In the car example, the remaining cost of the car that cannot be redeemed, being 25% of the original price, is sunk cost, meaning it shouldn’t be part of the decision. What should be part of the decision is whether you can afford a new car.  Assuming that buying the disappointing car has consumed all the money you could afford then you might need to look for a second-hand car that will be better tuned to you.  Isn’t it quite natural to think like that?  However, most people would stick to the disappointing car without even considering selling and buying another car they can somehow afford, just to avoid the feeling of recognizing they bought the wrong car. Ignoring sunk costs means openly admitting a mistake.  This causes us a very unpleasant feeling that threatens our self-confidence, so we try to ignore it by pretending the spending was worthy.

Mental accounting

The decision to buy a car without having to consider the full current financial state of the buyer, based solely on the budget allocated for this specific purpose, is mental accounting. This bias, considering only the available money for a specific topic, is typical to significant categories of spending money, usually not top priority, but important enough not to ignore.  The core cause behind this bias is different than the cause for evading sunk cost.

Maintaining a special ‘account’ for a specific need is actually a way to protect a need from being stolen by other needs.
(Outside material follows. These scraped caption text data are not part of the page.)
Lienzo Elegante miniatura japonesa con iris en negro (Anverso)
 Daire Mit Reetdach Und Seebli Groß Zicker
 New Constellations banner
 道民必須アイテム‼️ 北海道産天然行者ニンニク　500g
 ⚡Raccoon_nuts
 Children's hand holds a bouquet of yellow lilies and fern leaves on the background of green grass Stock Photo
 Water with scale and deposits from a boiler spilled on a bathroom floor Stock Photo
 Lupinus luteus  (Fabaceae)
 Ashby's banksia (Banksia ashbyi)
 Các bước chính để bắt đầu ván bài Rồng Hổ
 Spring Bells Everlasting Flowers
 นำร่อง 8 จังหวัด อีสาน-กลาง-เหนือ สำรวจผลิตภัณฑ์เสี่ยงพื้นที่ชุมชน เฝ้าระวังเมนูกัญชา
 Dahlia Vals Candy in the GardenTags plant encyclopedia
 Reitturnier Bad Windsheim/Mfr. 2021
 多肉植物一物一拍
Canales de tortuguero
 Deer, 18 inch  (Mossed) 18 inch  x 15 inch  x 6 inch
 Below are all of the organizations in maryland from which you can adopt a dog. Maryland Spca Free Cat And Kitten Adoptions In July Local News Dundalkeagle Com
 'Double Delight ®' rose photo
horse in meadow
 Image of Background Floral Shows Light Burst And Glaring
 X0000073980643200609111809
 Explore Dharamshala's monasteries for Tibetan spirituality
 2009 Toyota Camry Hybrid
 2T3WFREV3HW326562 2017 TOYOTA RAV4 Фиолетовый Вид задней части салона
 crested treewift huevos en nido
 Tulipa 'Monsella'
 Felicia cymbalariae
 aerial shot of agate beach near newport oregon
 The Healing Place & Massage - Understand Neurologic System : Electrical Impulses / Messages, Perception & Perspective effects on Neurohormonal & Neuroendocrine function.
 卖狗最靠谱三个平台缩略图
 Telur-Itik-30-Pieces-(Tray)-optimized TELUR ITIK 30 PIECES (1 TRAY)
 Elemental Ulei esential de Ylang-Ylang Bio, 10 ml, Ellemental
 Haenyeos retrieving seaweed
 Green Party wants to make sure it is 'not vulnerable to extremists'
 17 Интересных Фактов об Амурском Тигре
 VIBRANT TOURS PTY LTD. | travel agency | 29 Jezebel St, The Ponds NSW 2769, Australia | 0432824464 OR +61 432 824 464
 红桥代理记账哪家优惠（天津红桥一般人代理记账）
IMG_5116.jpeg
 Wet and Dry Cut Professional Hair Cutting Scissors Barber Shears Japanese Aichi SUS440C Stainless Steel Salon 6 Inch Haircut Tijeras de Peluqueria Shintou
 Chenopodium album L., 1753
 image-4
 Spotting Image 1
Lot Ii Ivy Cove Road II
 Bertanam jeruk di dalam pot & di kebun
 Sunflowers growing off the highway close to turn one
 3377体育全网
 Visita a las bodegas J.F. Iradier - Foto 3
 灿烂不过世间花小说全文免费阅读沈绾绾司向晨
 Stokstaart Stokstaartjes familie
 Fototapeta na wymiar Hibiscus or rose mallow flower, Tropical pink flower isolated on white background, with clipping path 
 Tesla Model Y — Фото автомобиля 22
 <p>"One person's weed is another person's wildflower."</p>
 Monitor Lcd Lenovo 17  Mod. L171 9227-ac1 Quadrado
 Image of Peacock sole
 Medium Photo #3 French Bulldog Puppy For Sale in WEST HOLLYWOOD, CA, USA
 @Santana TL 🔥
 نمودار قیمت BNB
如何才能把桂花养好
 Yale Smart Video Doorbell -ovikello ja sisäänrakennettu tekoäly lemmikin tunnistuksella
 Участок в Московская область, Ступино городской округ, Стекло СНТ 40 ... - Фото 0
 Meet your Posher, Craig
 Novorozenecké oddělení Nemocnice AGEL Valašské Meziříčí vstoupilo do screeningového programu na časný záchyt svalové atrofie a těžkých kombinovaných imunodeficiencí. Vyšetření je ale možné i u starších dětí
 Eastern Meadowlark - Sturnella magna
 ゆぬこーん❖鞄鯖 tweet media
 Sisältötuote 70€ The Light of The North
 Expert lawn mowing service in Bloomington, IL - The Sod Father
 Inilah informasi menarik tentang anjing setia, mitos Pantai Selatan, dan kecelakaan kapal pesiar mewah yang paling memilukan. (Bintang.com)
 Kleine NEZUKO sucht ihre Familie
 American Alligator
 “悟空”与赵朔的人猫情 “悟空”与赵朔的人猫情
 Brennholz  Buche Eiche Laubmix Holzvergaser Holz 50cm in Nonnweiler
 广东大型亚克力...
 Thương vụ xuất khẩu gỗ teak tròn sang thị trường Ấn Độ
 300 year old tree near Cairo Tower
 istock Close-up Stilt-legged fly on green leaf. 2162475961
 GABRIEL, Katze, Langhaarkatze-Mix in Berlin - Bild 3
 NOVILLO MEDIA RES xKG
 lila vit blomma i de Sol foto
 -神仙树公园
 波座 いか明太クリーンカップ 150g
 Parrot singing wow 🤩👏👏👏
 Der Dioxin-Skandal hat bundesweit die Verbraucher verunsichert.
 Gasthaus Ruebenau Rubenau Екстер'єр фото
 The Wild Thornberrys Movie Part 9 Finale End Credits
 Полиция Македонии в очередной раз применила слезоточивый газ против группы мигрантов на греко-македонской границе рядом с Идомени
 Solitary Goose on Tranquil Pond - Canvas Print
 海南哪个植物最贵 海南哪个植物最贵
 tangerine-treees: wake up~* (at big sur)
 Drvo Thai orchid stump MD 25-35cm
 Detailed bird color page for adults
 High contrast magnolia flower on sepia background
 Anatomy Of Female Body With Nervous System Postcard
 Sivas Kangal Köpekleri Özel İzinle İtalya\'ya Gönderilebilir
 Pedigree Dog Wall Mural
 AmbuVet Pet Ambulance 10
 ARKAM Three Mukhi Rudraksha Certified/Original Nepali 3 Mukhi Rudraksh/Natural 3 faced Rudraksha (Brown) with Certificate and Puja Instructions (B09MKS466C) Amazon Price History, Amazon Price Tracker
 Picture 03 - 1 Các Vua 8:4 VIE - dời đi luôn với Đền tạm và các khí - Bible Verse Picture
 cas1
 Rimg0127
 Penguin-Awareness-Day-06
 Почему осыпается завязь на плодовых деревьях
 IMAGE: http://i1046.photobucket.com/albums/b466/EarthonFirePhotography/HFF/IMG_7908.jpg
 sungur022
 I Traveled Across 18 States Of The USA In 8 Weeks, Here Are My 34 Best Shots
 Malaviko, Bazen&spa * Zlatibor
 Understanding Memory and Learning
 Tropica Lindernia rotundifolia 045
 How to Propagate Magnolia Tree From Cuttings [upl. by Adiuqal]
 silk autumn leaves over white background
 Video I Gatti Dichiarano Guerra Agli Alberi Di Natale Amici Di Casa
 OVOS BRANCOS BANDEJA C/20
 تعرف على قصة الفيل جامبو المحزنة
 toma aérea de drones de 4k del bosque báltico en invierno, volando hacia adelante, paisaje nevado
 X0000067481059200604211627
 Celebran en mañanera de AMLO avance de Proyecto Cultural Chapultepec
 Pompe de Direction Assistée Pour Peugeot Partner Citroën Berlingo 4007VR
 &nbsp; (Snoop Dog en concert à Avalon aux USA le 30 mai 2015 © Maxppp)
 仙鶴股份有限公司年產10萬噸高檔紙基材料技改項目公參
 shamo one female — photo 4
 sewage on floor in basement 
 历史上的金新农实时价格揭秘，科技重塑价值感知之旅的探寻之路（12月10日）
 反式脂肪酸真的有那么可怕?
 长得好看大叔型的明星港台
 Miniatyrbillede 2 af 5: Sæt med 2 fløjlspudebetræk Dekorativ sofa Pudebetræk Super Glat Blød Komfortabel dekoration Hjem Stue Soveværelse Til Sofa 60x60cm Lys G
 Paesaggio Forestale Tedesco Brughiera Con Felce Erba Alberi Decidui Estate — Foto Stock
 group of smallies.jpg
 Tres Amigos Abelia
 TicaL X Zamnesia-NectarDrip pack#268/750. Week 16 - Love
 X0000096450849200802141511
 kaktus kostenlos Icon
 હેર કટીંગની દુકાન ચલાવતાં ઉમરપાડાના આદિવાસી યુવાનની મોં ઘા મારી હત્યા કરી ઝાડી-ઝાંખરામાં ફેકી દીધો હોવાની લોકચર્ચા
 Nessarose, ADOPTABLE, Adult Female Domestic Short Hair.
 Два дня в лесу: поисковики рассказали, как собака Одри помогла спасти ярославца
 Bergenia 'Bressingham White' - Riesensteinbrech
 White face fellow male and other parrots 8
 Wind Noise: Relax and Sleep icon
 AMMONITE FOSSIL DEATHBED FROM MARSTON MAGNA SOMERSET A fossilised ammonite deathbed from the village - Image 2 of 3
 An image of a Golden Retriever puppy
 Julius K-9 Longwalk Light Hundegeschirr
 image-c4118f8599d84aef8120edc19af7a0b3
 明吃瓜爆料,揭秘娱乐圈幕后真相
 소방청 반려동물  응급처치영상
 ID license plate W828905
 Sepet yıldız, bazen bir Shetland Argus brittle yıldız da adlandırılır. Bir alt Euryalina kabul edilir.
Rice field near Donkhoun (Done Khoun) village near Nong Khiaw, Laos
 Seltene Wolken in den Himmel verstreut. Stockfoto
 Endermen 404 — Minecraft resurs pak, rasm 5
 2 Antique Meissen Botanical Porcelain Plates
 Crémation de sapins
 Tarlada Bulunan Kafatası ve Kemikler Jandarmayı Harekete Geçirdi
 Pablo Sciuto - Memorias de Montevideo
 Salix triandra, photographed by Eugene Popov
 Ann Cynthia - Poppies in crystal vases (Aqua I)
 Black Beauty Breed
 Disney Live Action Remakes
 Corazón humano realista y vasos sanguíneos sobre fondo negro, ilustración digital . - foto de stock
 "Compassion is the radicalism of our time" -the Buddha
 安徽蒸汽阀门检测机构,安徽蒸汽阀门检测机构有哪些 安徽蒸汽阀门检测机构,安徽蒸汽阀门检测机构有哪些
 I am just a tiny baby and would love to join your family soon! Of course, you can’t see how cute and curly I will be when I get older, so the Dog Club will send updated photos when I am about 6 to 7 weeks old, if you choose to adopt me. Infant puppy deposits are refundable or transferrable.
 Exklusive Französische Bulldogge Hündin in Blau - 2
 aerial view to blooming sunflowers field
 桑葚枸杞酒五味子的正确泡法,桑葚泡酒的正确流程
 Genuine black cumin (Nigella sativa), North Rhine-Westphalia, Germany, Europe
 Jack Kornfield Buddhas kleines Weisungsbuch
The protection is required because we don’t have the capacity and capability to view, every time we need to make a decision, the whole financial situation against the whole group of different needs and desires in order to come up with the right priorities.  Thus, we create those accounts for worthy needs, and decouple them from re-considerations, even though from time to time we might make a serious error.

These biases seem reasonable for the average Joe, but what is their impact on managing organizations?

Like we saw in the previous post these biases are even more relevant for organizational decision making because of the decision maker’s concern about how these decisions might be judged by others, especially after-the-fact judgment based on the actual outcome. The point here is that if the fact that a significant sum was invested in something that produced no value then somebody has to pay for such a mistake.  Ignoring the sunk cost reveals the recognition of money being wasted.

Thus, ‘sunk cost’ is a devastating element in organizational behavior being responsible for continuing with projects when it is already clear there is no value left in them. Another typical case is refusing to write-off inventory that has no chance of being sold, or refusing to sell it for less than the calculated cost. The direct cause is practical and rational: do not shake the boat, because if you do, then all hell breaks loose.  This is much more devastating than individuals trying to keep their dignity by not admitting wasting money without getting real value.

The impact of mental accounting on organizations is HUGE! It encompasses all the aspects of what is called in TOC ‘local thinking’.  It is caused by being unable to handle the complexity of considering the ramifications of any decision on the holistic system.  Organizations are built of parts and it is simple enough to measure the performance of every part, even when its real impact on the organization is quite different.  Evaluating the full impact of a decision on the whole organization is frightening, because it seems way too complicated.

The common way to reduce the impact of complexity is to assign an account to every product, big deal, and client, and consider only the data required for maintaining that specific account: the revenues, the costs and the calculated “profit”. We put “profit” in quotation marks because without considering the wider dependencies, including the capacity of critical resources, there is no good measure of the true added profit of the product/deal/client to the organization.  Eventually current cost accounting methods are based on mental accounting to simplify the overall system.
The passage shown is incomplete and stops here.